Lorsque l’inflation est perçue comme étant une hausse générale des prix, tout ce qui contribue à une hausse de prix est qualifié d’inflationniste. Ce ne sont plus les banques centrales et le système bancaire de réserve fractionnaire qui sont perçus comme les sources de l’inflation, mais de nombreux autres facteurs.

Selon ce point de vue, non seulement la banque centrale n’a rien à voir avec l’inflation, elle est également considérée être une ennemie de l’inflation.

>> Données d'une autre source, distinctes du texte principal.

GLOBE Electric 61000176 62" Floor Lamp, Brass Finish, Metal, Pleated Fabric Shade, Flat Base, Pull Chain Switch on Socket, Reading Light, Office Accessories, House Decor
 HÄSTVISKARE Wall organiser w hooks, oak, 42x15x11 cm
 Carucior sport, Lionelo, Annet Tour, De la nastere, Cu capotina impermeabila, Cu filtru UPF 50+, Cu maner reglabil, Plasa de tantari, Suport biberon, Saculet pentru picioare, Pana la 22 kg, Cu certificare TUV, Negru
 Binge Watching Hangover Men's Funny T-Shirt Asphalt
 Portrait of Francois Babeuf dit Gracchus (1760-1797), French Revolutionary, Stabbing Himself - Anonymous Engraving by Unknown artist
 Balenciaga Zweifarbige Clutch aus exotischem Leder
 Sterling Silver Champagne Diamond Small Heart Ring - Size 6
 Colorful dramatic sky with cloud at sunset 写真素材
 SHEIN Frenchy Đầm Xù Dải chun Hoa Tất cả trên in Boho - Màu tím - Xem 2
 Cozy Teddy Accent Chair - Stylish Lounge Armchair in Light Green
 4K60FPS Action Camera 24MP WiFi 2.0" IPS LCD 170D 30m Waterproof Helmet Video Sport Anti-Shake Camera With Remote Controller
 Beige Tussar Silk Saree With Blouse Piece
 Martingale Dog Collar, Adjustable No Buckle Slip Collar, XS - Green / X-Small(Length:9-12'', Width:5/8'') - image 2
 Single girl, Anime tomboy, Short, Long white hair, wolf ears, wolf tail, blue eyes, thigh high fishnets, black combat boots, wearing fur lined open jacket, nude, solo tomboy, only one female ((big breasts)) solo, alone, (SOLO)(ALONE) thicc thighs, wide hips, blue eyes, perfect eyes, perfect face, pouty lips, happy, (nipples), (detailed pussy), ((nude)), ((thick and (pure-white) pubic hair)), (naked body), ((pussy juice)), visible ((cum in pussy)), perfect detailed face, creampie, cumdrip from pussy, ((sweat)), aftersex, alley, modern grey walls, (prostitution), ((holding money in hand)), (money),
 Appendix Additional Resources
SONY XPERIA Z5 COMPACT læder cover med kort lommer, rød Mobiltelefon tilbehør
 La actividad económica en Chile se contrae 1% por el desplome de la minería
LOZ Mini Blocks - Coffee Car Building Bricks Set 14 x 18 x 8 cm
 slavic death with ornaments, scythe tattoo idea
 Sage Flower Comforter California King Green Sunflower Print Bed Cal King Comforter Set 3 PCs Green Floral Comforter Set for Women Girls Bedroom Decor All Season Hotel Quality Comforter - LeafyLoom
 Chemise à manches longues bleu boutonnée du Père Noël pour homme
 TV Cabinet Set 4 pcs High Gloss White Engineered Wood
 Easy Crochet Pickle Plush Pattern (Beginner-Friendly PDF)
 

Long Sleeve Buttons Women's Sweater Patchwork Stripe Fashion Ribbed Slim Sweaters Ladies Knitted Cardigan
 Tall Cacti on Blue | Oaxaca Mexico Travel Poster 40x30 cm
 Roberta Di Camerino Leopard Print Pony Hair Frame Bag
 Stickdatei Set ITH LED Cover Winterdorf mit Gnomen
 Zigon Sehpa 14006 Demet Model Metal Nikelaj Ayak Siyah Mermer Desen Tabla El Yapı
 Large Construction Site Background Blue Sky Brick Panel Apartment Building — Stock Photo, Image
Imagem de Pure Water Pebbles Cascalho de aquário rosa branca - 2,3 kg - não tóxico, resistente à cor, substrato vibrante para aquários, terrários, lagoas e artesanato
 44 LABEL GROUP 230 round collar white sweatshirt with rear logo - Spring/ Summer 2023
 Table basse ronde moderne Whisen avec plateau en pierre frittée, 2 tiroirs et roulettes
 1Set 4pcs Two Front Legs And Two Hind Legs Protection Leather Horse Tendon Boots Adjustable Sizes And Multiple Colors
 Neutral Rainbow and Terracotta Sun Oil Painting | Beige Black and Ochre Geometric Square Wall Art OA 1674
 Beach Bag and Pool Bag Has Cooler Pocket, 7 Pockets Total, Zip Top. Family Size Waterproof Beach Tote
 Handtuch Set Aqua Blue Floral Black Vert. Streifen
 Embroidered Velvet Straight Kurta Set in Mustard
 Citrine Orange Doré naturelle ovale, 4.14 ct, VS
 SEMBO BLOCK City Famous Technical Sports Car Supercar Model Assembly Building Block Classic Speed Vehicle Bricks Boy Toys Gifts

Voici ce que nous en dit Mises :

Afin de ne pas être blâmés pour les conséquences néfastes de l’inflation, le gouvernement et ses hommes de mains ont recours à une ruse sémantique. Ils tentent de transformer la définition des termes qu’ils utilisent. Ils appellent inflation la conséquence inévitable de l’inflation, c’est-à-dire la hausse des prix. Ils cherchent plus que tout à faire oublier le fait que cette hausse est produite par une croissance de la masse monétaire et de la quantité de substituts de la monnaie. Ils ne mentionnent jamais cette hausse. Ils blâment les entreprises pour la hausse du coût de la vie. C’est là l’exemple classique du voleur qui crie « Au voleur ! » Le gouvernement, qui au travers de sa création monétaire est responsable de l’inflation, accuse les entreprises et les marchands, et se vente d’être le champion des bas prix.